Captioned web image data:
..........
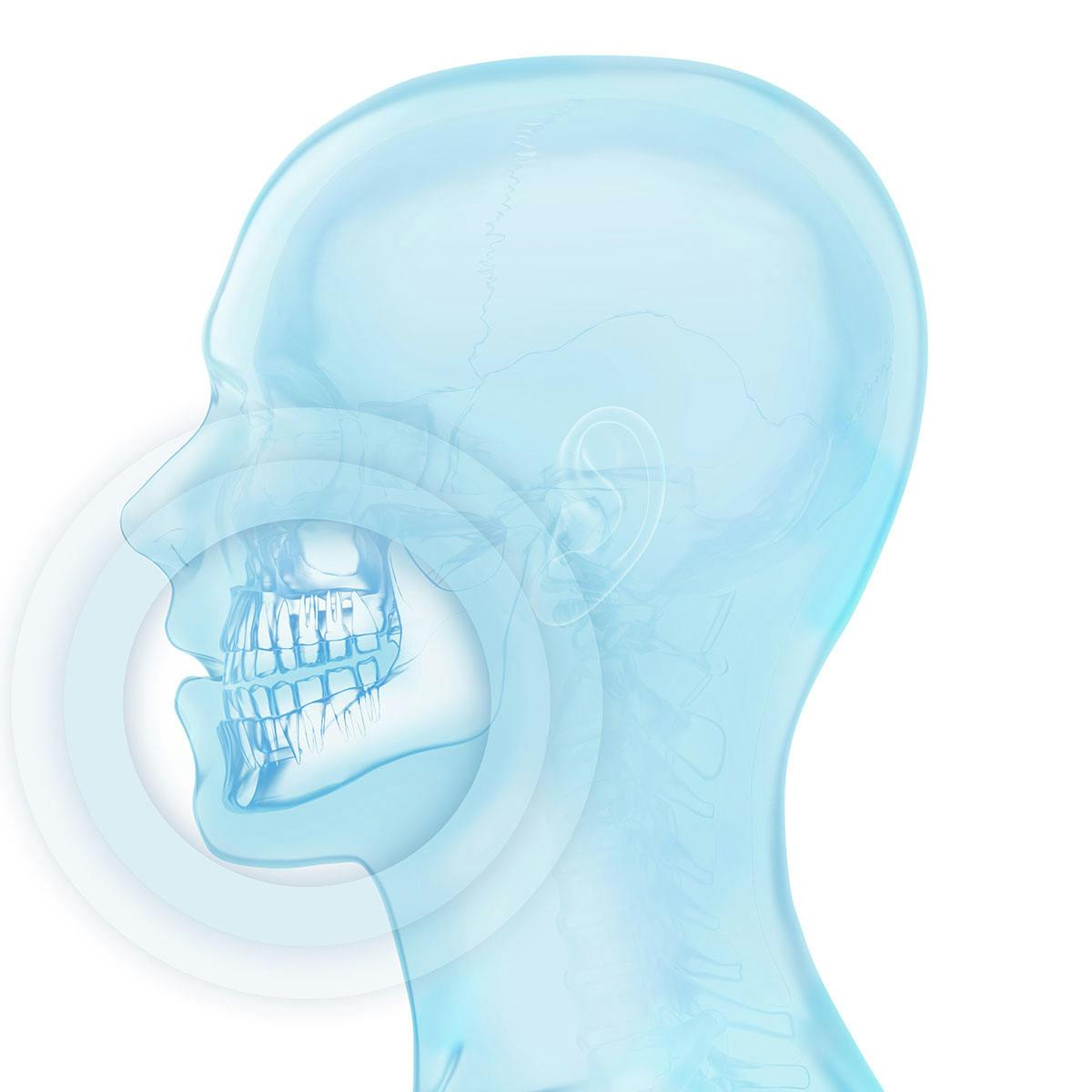 Illustration:side view of a human head showing x-ray style detail of teeth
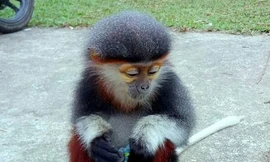 Đề nghị cứu hộ cá thể Voọc chà vá chân nâu quý hiếm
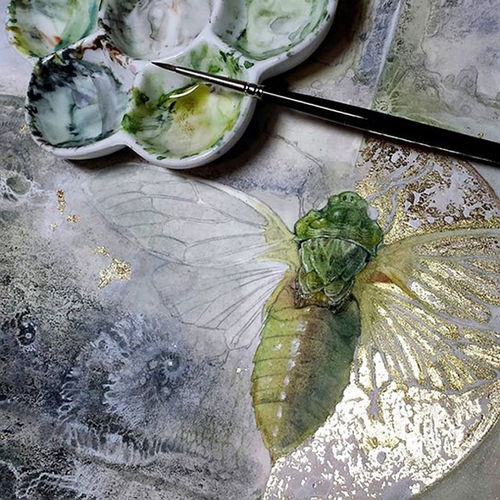  文艺小清新的插画欣赏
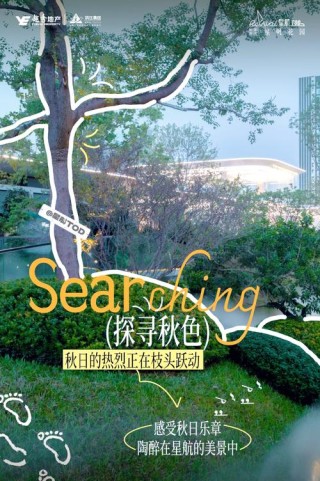 时光的邂逅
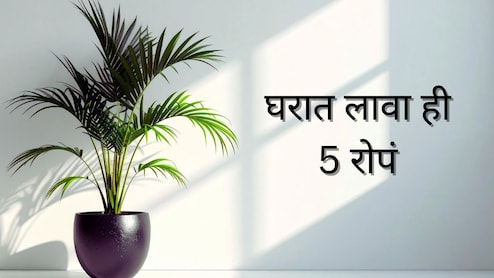 Plant Purifies Air : घरात लावा ही 5 रोपं, स्वस्तात हवा स्वच्छ होईल, महागड्या एअर प्युरीफायरची गरज आता संपली!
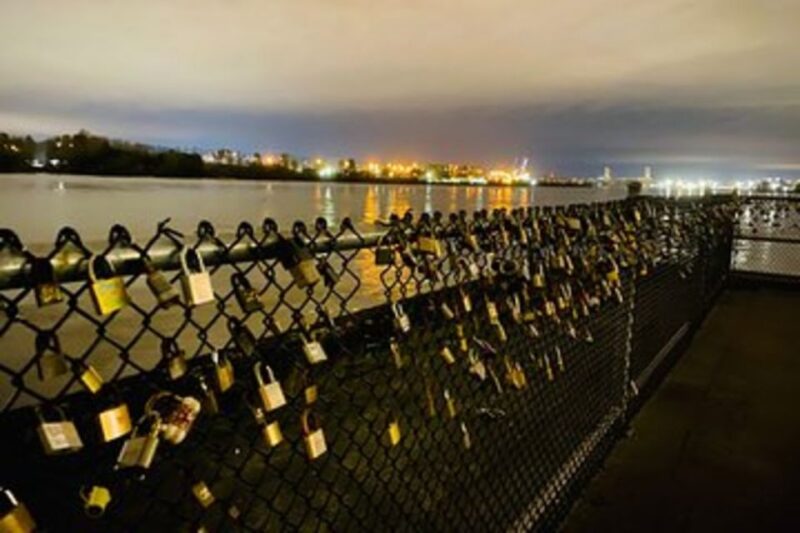 Vancouver City Tour for Couples Half-Day Private - Tour Highlights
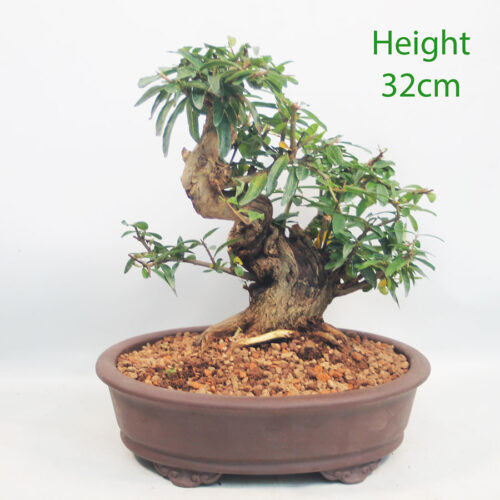 Pomegranate Nejikan Flowering Bonsai Tree Punica Number 7P
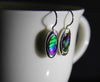 Ammolite Earrings #103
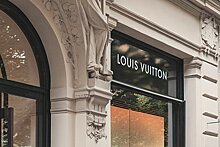 Владелец Louis Vuitton испугался летать на частном самолете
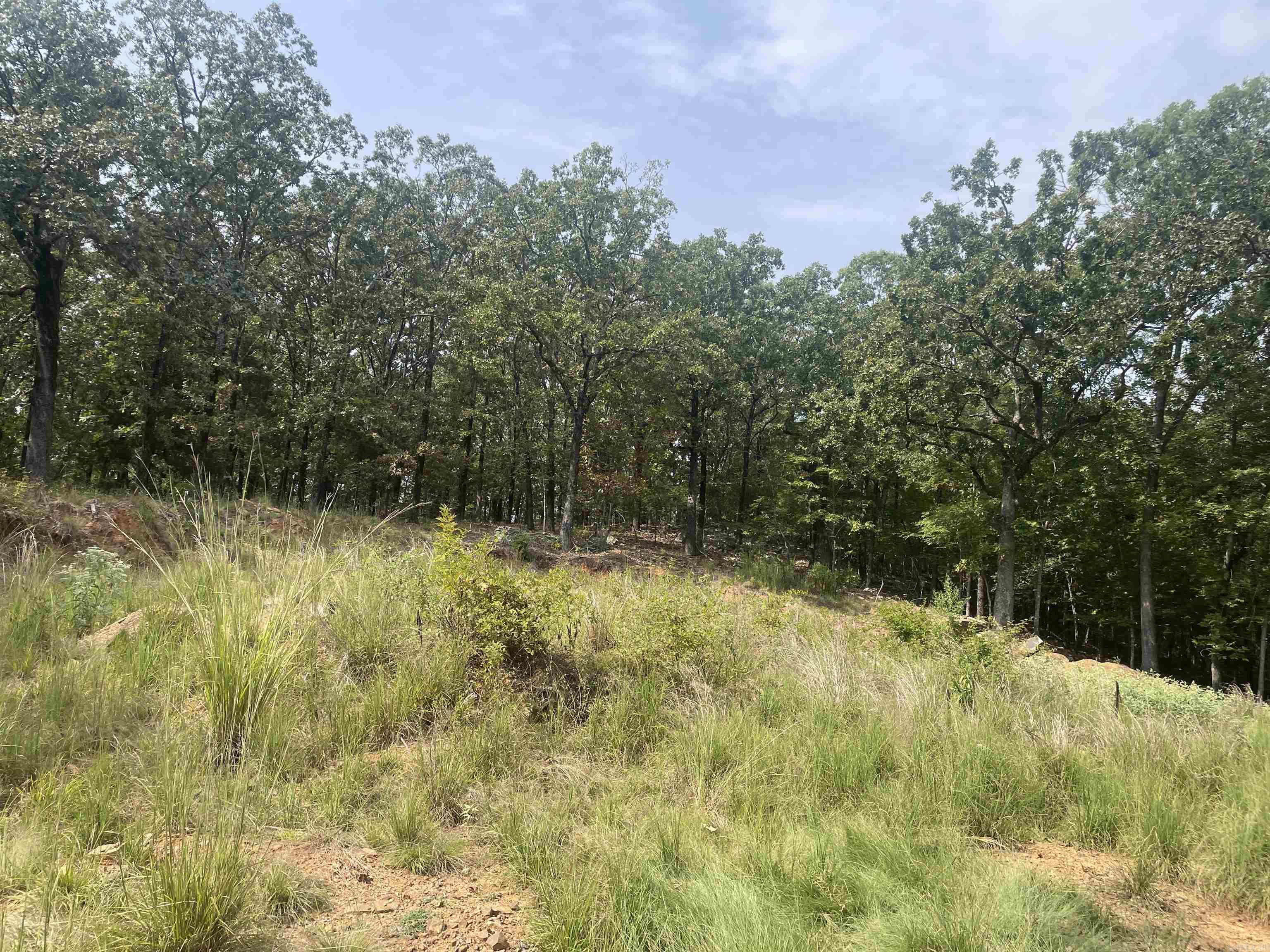 8 acres Lakeview  Conway, AR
..........
Assignment:
Output all the records above again exactly, with the pictures dropped.

Solution for this task:
 Illustration:side view of a human head showing x-ray style detail of teeth
 Đề nghị cứu hộ cá thể Voọc chà vá chân nâu quý hiếm
  文艺小清新的插画欣赏
 时光的邂逅
 Plant Purifies Air : घरात लावा ही 5 रोपं, स्वस्तात हवा स्वच्छ होईल, महागड्या एअर प्युरीफायरची गरज आता संपली!
 Vancouver City Tour for Couples Half-Day Private - Tour Highlights
 Pomegranate Nejikan Flowering Bonsai Tree Punica Number 7P
 Ammolite Earrings #103
 Владелец Louis Vuitton испугался летать на частном самолете
 8 acres Lakeview  Conway, AR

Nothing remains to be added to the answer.